Non pretendiamo certo che Salvini si renda conto di cosa voglia dire sostenere, a voce alta, un candidato come Trump che in caso di vittoria alle presidenziali ha già promesso, nell’ordine: (a) rastrellamenti, arresti e deportazioni di massa dei migranti illegali; (b) fine dei finanziamenti all’Ucraina; (c) indagini promosse dal dipartimento di Giustizia contro i suoi oppositori; (d) liberazione dei rivoltosi del 6 gennaio 2021. Tutto questo, forse, è pretendere troppo. Si potrebbe però suggerire a Salvini di chiedere alle categorie produttive a cui prova a parlare la Lega, quelle spesso evocate da Salvini con lunghi e interminabili elenchi durante i suoi comizi, cosa ne pensano del trumpismo.

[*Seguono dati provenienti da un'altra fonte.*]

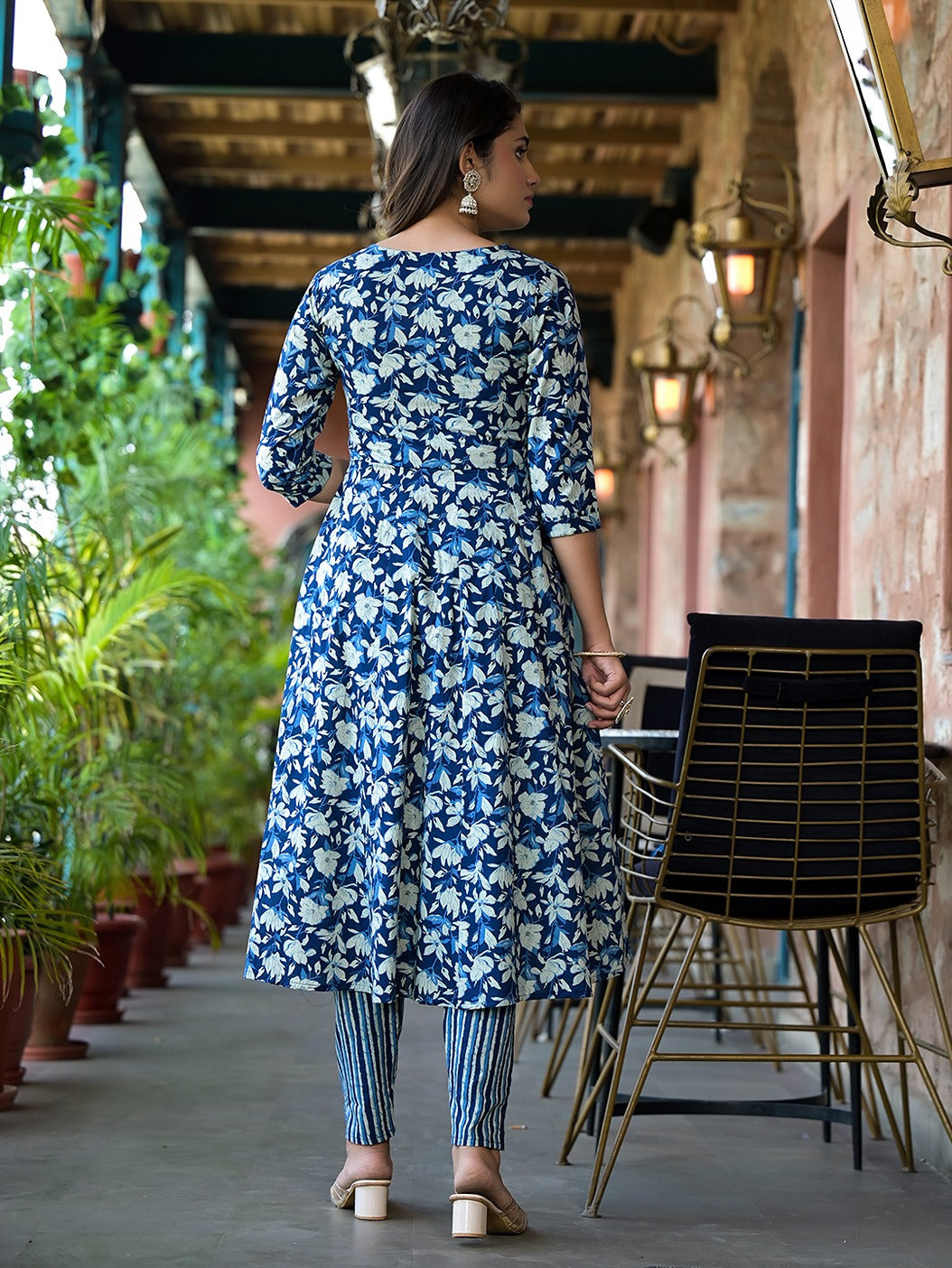 Yufta Blue Floral Dori_Embroidery Kurta Trouser With Dupatta Set | Grocsy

Esempi? Facile. Gli artigiani, i commercianti, gli imprenditori, gli agricoltori. Per ciascuna di queste categorie, l’arrivo di Trump sarebbe una catastrofe per varie ragioni. L’Italia, come sa Salvini, è un paese manifatturiero ed esportatore ed è anche grazie alle esportazioni se l’Italia negli ultimi anni è riuscita a portare il pil sopra la media dell’Eurozona. Trump, al contrario, è un nemico giurato del commercio globale ed è evidente che in un mondo che si balcanizza, e che incentiva produzioni sempre più nazionali e sempre meno globali, le imprese abituate a trasformare la globalizzazione in un’opportunità soffrono. Nel 2019, quando l’Amministrazione Trump fece scattare una serie di misure protezionistiche contro l’Europa, quei dazi riguardarono anche 93 prodotti made in Italy e Salvini non farà fatica a ricordare che contro il metodo Trump scelsero di insorgere proprio le categorie alle quali cerca oggi di parlare la Lega: gli artigiani, gli imprenditori, i commercianti, gli agricoltori. “A causa della politica commerciale dell’Amministrazione Trump, il nostro patrimonio economico e di cultura alimentare è a rischio”, scrisse all’epoca Confartigianato. “Il cibo italiano rischia di essere il più colpito dai nuovi dazi nei confronti dell’Unione europea minacciati dal presidente degli Stati Uniti Donald Trump con la black list che comprende i prodotti alimentari e le bevande simbolo del Made in Italy più esportate in America”, scrisse Coldiretti.
La storia in fondo è sempre la solita. L’alleanza tra i sovranisti mondiali può essere suggestiva sulla carta. Può aiutare ad alimentare l’algoritmo della sfida contro l’establishment mondiale. Ma quando dalla carta si passa al merito, non si potrà non avere la netta sensazione che un sovranista italiano che sostiene la corsa di un altro sovranista forse fa i propri interessi ma certamente fa poco gli interessi del proprio paese. Prima Trump, dopo gli italiani.